Essa è detta anche "legge regale" (2:8 νομος βασιλικου), che può essere riassunta nel comandamento dell'amore verso il prossimo ("regale" indica qui l'eccellenza di questo comandamento). Chi osserva questa legge è liberato dallo scrupolo di doversi attenere ad ogni singolo comandamento (2:10). Chi manipola questa legge regale, per es. usando favoritismi (2:1ss,9), cade nello spietato giudizio finale, come se avesse trasgredito tutta la Legge dell'Antico Testamento (2:13). Il divieto di calunniare e di giudicare il prossimo (4:11) è conforme a tutta la Bibbia.

Il concetto di "Legge" ha quindi significati diversi, a seconda se si tratti della legge dell'Antico Testamento o della "legge della libertà", cioè di un comandamento o di una sintesi degli insegnamenti di Gesù. Il tenore del discorso, però, rimane lo stesso: fare del male ad un fratello della comunità è lo stesso che trasgredire la Legge.

Il compito dell'essere umano è quello di osservare la Legge, mentre il Legislatore e Giudice è uno solo.
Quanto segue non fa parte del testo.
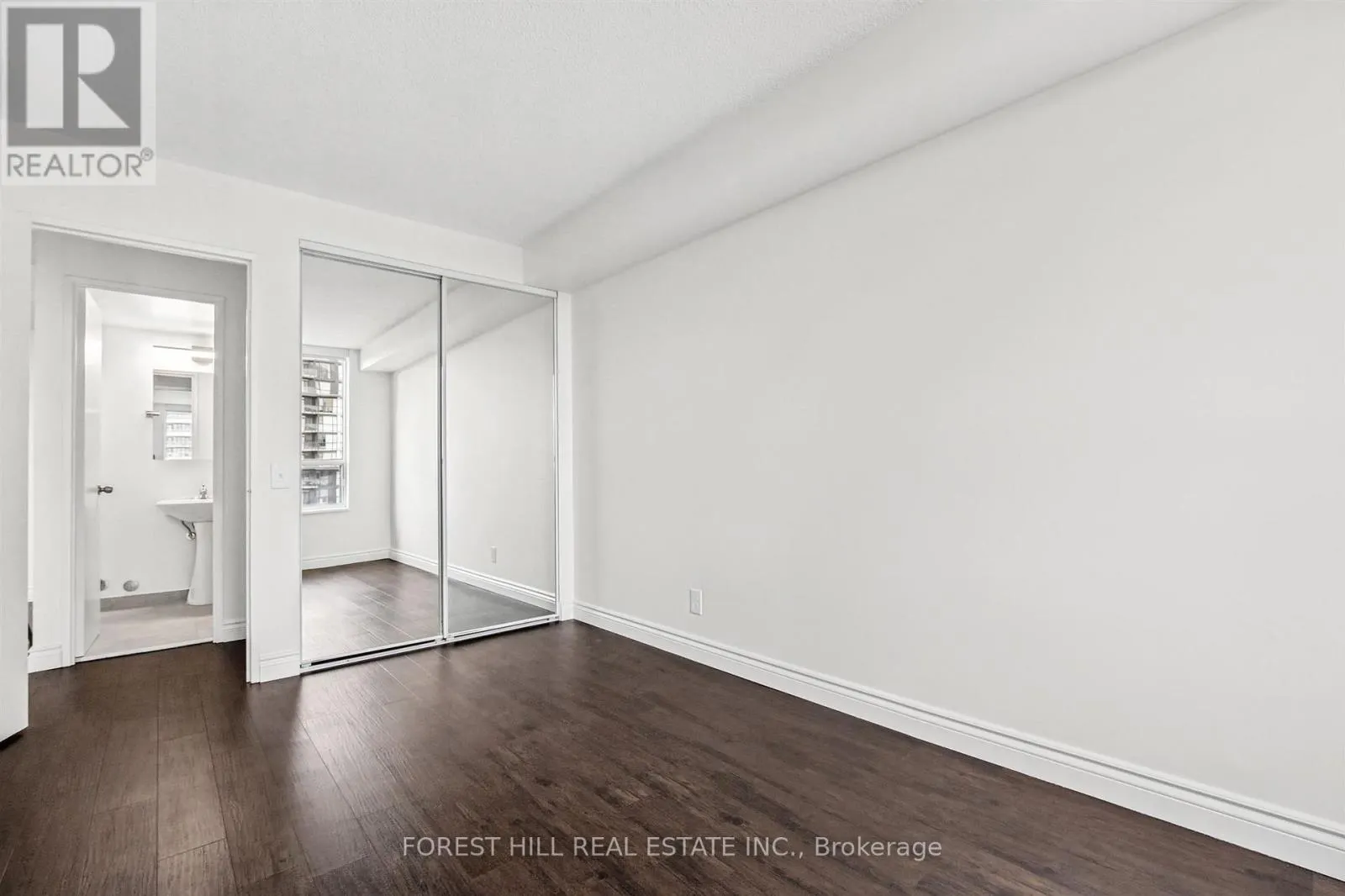 2604 - 100 UPPER MADISON AVENUE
È con Lui, il cui giudizio è definitivo, che dovrà vedersela chi giudica il prossimo (Romani 14:4).

Differenza fra Legge ed Evangelo

Il rapporto intercorrente fra Legge di Dio ed Evangelo è uno degli argomenti di maggiore rilevanza nella teologia luterana e riformata. In queste tradizioni, la distinzione fra la dottrina riguardante la Legge, che richiede, ai fini della salvezza, l'ubbidienza alla volontà rivelata di Dio, e l'Evangelo che promette il perdono dei peccati sulla base dei meriti dell'opera di Cristo, ricevuti per fede, è di importanza critica. È usato come principio ermeneutico per l'interpretazione della Bibbia e come principio guida dell'omiletica (preparazione dei sermoni) e della cura pastorale.

Altri gruppi cristiani hanno pure, su questo argomento, delle persuasioni, ma di solito non sono tanto dibattute e rigorosamente definite come nelle tradizioni luterane e riformate.

A volte questa questione è discussa sotto l'intestazione "Legge e Grazia", "Peccato e Grazia", e "ministero (διακονíα) della morte /condanna" e "ministero dello Spirito/giustizia. Talvolta è vista nel contrasto fra Gesù e Mosè.

Nell'Islam

Secondo i musulmani la legge di Dio é basata sul Corano e gli hadit ed é chiamata sharia.